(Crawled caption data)
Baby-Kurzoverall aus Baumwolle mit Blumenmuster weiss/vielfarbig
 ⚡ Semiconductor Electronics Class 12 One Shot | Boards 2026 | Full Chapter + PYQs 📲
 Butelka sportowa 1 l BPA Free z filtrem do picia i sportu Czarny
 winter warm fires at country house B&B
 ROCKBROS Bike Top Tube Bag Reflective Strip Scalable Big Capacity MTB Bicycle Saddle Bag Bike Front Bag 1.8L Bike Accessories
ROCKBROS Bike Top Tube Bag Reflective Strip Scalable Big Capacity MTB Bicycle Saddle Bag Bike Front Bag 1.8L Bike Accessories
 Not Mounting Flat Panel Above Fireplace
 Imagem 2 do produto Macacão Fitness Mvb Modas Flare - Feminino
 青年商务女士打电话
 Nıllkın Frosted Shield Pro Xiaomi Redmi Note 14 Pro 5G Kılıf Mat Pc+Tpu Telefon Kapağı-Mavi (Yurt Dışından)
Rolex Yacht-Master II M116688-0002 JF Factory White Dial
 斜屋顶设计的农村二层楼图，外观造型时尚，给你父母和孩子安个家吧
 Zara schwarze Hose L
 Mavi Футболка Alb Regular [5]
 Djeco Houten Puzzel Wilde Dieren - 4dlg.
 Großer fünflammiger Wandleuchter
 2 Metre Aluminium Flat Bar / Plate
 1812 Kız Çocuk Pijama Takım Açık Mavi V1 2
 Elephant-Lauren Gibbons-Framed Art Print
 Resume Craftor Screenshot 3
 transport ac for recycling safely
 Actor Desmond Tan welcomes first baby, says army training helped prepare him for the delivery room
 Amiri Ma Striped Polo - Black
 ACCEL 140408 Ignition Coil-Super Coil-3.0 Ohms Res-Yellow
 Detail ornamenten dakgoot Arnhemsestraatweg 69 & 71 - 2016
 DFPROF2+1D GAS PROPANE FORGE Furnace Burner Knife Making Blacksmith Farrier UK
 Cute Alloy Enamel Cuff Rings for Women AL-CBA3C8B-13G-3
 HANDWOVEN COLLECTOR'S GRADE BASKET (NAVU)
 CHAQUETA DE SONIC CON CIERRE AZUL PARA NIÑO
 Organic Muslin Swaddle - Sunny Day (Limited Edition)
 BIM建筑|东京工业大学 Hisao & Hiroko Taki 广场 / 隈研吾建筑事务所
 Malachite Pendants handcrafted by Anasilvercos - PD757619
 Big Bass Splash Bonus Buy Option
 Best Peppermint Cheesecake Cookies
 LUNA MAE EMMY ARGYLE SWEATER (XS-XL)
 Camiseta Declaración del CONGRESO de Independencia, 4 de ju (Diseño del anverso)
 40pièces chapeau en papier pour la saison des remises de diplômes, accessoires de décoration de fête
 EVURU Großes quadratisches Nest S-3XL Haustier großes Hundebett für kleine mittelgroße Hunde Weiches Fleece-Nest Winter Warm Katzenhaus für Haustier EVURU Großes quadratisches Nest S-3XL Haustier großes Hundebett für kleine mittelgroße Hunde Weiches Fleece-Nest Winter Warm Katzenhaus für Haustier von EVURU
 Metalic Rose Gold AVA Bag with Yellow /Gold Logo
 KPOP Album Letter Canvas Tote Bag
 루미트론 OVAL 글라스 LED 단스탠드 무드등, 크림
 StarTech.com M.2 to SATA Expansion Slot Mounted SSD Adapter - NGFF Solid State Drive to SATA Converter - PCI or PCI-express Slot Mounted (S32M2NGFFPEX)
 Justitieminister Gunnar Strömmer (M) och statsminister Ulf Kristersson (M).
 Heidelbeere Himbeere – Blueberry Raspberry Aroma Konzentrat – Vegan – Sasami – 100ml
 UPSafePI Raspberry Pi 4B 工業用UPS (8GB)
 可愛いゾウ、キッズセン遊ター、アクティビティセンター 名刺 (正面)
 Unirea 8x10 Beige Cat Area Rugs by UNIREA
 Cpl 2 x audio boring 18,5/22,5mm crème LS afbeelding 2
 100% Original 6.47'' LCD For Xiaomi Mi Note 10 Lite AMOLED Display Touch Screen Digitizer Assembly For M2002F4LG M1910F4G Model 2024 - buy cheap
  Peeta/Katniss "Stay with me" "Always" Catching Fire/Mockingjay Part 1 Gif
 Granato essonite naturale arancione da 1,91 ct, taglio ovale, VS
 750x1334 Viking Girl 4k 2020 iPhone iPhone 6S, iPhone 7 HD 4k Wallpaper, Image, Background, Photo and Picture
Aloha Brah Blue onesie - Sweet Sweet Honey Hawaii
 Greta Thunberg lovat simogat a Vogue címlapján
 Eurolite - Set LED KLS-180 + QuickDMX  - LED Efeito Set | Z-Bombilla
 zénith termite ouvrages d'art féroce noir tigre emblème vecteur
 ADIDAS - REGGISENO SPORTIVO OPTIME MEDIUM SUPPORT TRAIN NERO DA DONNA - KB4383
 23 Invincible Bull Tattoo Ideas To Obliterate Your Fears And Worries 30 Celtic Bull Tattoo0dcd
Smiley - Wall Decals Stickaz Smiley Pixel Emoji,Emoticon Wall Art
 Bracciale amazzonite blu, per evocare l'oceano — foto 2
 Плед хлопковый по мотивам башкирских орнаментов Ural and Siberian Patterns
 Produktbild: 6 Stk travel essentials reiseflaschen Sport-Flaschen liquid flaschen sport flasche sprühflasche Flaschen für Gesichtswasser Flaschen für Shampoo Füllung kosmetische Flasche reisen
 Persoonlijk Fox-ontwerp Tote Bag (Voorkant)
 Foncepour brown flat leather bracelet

**Your goal:** Select every line of the records holding the string "Mavi".

**Written response:**
 Nıllkın Frosted Shield Pro Xiaomi Redmi Note 14 Pro 5G Kılıf Mat Pc+Tpu Telefon Kapağı-Mavi (Yurt Dışından)
 Mavi Футболка Alb Regular [5]
 1812 Kız Çocuk Pijama Takım Açık Mavi V1 2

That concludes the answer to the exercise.